[Start of section]

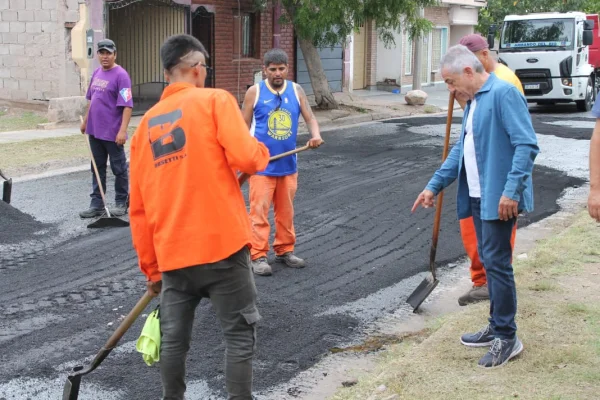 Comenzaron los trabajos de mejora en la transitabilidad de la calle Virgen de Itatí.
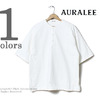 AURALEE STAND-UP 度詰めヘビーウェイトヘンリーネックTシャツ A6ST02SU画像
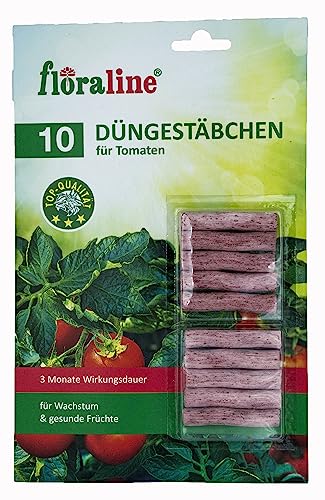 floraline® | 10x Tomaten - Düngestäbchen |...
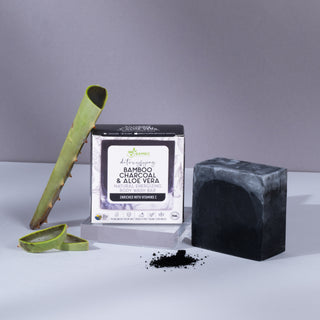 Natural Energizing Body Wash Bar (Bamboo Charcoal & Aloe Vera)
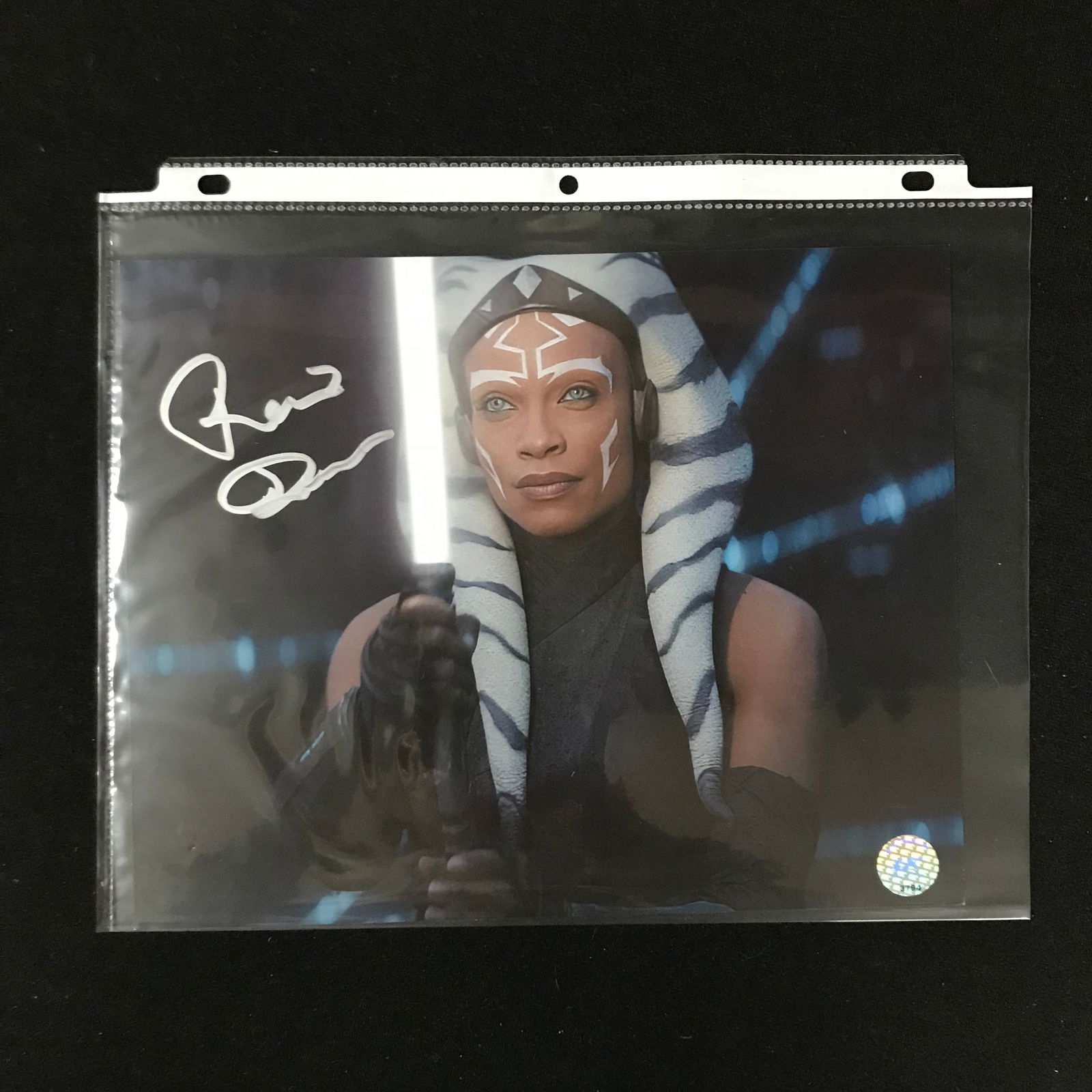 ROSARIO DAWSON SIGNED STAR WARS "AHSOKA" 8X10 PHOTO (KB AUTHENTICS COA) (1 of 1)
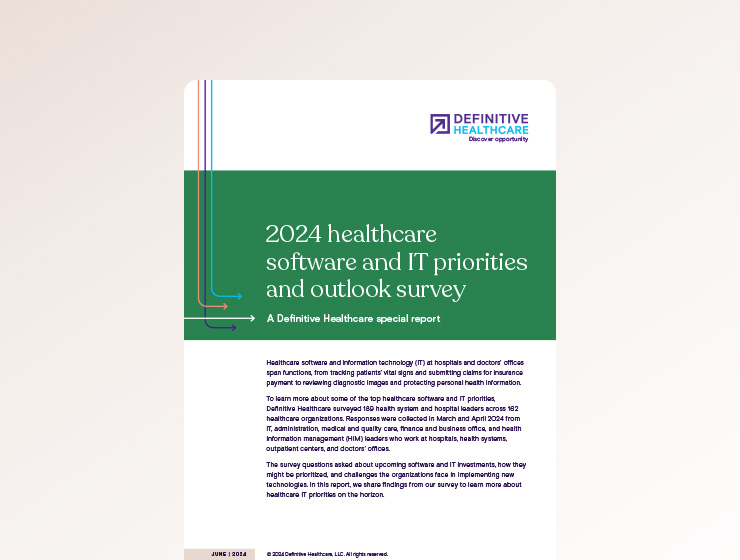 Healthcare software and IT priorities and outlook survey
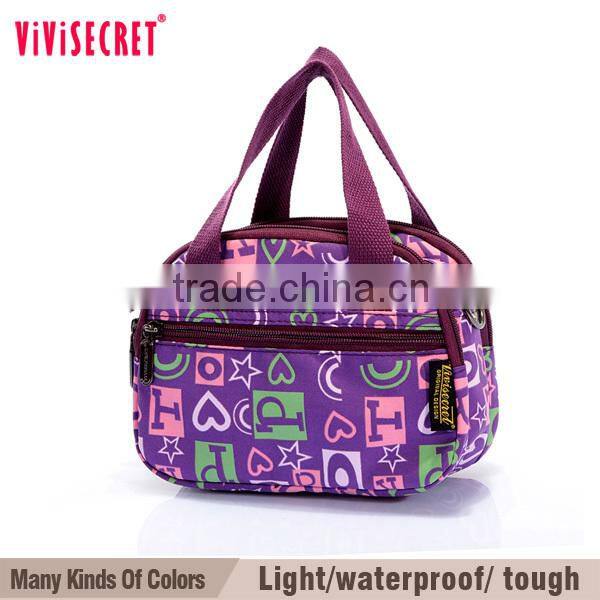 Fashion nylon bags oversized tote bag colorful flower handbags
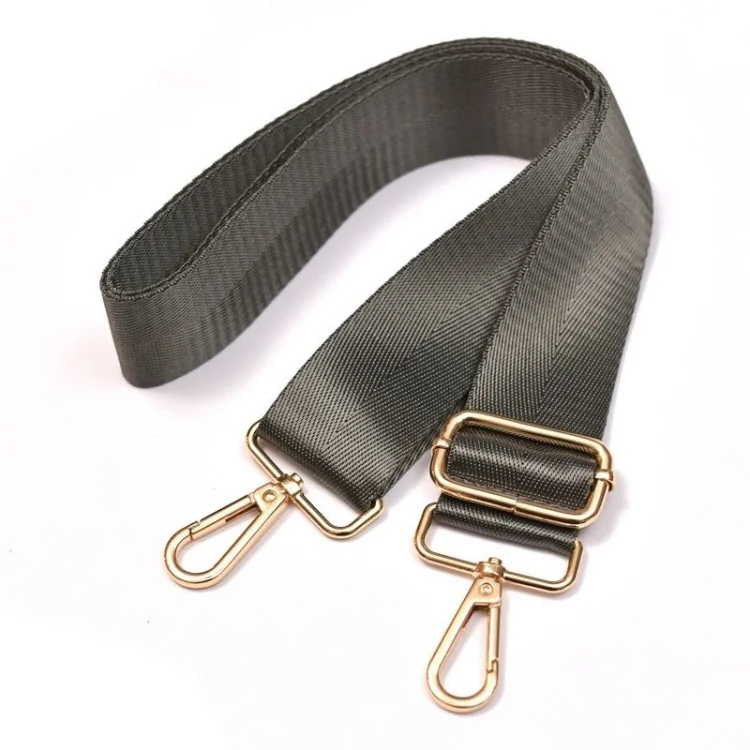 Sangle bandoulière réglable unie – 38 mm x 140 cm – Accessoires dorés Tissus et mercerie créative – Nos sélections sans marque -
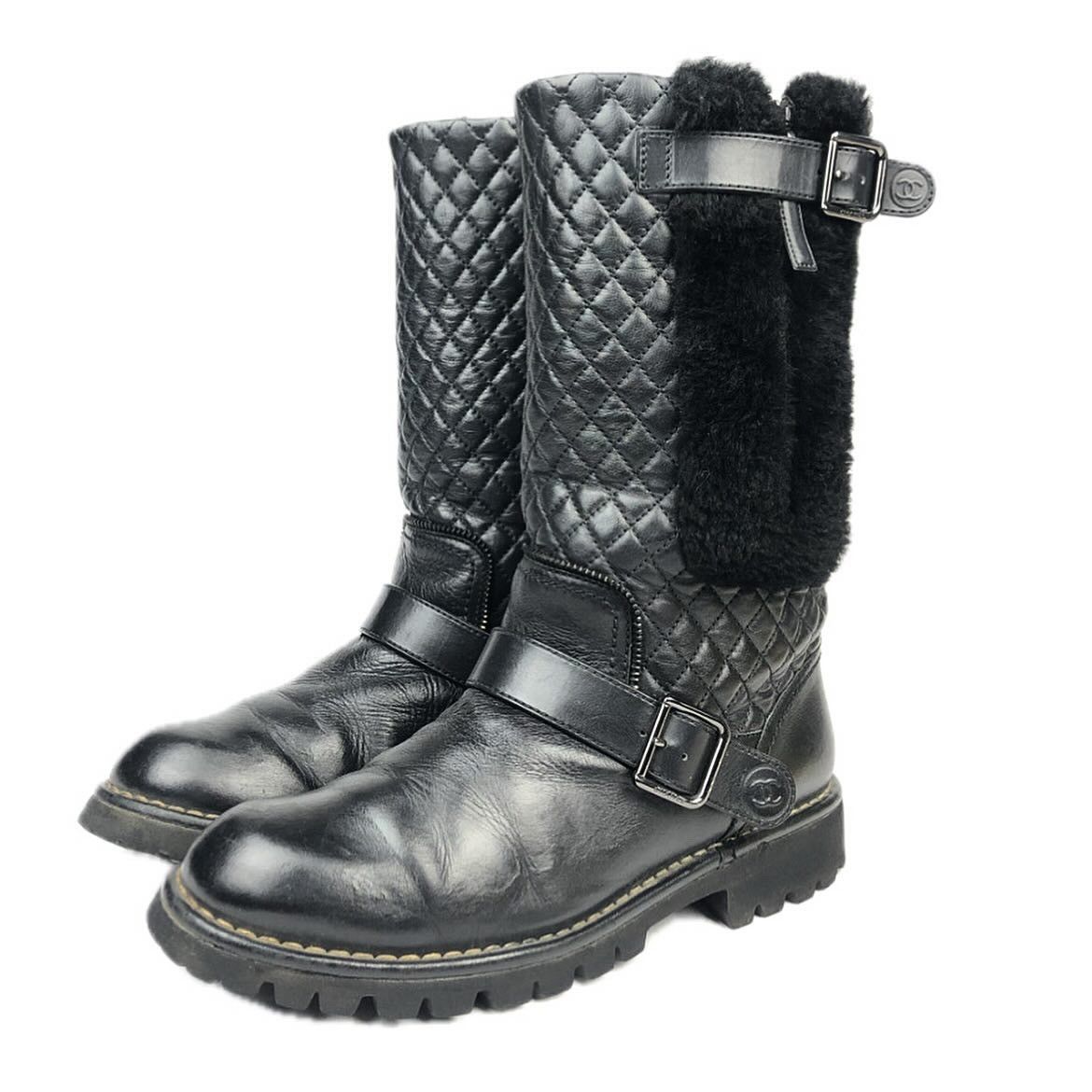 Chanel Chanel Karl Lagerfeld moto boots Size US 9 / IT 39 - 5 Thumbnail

[End of section]
[Start of section]

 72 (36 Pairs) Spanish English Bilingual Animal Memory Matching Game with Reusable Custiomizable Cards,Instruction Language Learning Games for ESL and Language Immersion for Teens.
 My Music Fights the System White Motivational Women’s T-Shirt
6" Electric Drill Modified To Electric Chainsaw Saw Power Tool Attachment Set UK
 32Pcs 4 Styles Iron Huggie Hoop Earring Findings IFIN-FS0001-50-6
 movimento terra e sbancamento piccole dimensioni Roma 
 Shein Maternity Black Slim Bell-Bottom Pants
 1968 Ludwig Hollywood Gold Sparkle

[End of section]

- [EXERCISE BRIEF]:
Repeat exactly the lines above, from the line that contains "ROSARIO DAWSON SIGNED" down through the line that contains "Chanel Chanel Karl". Include both of those lines and none of the pictures.

- [EXERCISE RESPONSE]:
 ROSARIO DAWSON SIGNED STAR WARS "AHSOKA" 8X10 PHOTO (KB AUTHENTICS COA) (1 of 1)
 Healthcare software and IT priorities and outlook survey
 Fashion nylon bags oversized tote bag colorful flower handbags
 Sangle bandoulière réglable unie – 38 mm x 140 cm – Accessoires dorés Tissus et mercerie créative – Nos sélections sans marque -
 Chanel Chanel Karl Lagerfeld moto boots Size US 9 / IT 39 - 5 Thumbnail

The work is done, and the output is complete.